> _Task details_
What should be copied is the stretch of entries below from the line with "Petite MSK Short" up to and including the line with "Sitting Highland Cow", exactly and without images.

───── Records supplied ─────

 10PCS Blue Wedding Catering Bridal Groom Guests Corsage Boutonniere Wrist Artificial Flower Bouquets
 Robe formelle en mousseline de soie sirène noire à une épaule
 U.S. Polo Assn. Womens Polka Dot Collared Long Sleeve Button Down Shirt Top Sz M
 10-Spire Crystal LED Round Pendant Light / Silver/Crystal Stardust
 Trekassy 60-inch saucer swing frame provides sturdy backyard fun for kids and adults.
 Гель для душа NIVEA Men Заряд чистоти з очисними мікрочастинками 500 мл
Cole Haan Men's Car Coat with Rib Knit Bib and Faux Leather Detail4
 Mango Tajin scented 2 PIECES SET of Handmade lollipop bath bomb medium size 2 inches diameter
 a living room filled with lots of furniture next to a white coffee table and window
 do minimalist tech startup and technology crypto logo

─────
───── Records supplied ─────

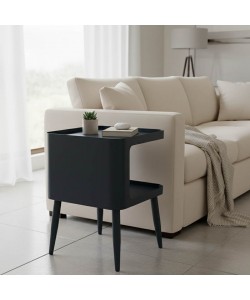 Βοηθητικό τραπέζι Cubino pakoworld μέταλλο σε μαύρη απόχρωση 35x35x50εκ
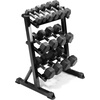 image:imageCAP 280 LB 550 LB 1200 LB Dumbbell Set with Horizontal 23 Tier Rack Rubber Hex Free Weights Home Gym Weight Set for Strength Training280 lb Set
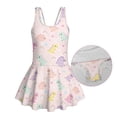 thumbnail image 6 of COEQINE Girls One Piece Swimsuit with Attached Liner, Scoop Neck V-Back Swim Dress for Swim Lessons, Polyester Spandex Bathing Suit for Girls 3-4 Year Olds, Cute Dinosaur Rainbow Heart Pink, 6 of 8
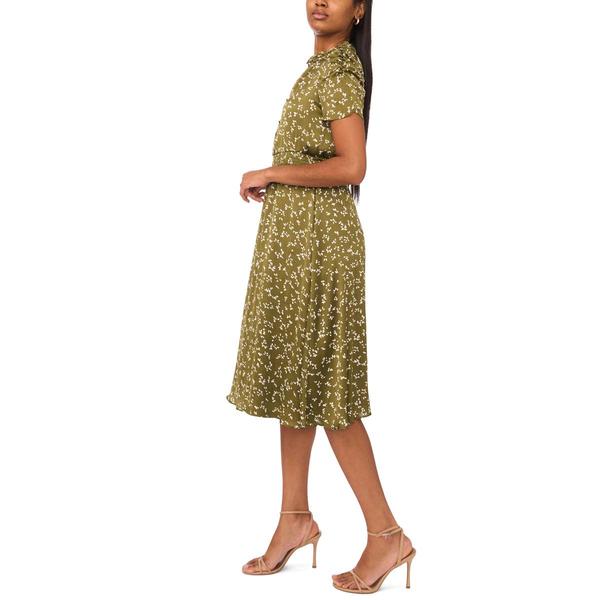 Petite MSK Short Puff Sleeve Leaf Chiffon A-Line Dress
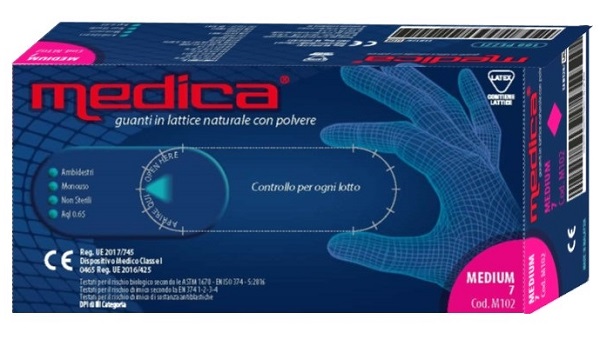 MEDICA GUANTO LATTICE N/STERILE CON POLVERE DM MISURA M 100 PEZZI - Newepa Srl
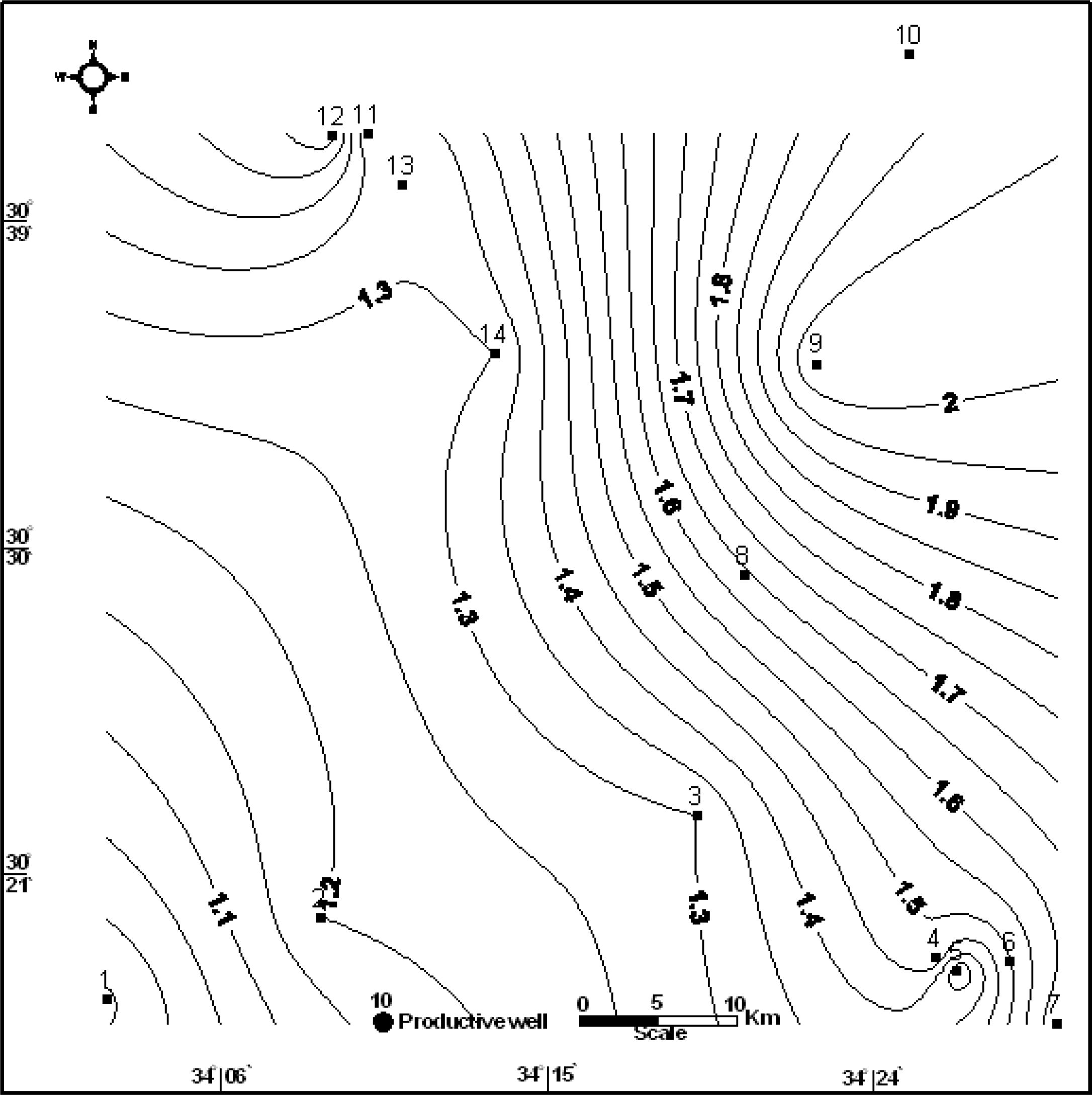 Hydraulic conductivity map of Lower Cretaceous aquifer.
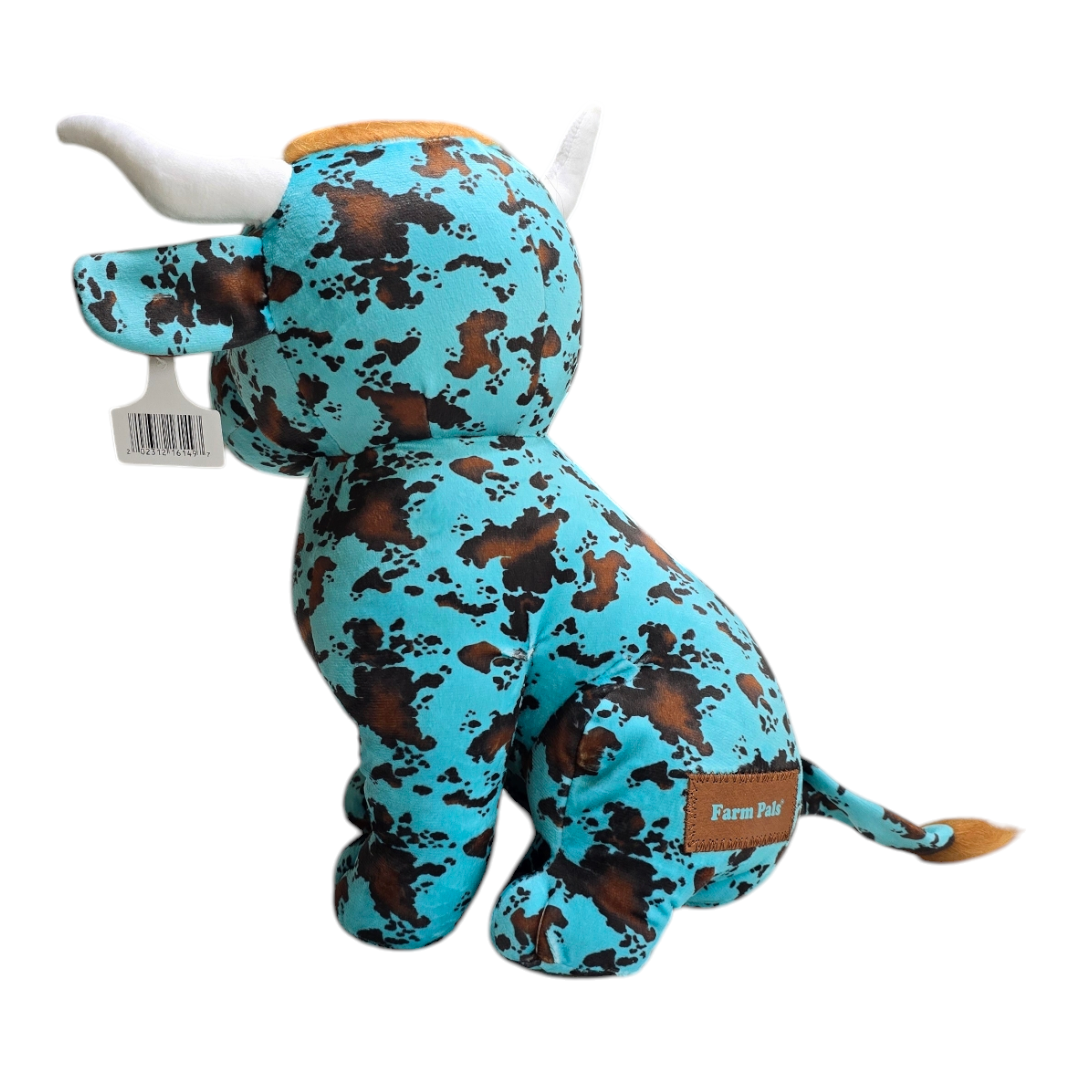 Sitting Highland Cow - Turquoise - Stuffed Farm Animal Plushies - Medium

─────

> _Answer to the problem_
 Petite MSK Short Puff Sleeve Leaf Chiffon A-Line Dress
 MEDICA GUANTO LATTICE N/STERILE CON POLVERE DM MISURA M 100 PEZZI - Newepa Srl
 Hydraulic conductivity map of Lower Cretaceous aquifer.
 Sitting Highland Cow - Turquoise - Stuffed Farm Animal Plushies - Medium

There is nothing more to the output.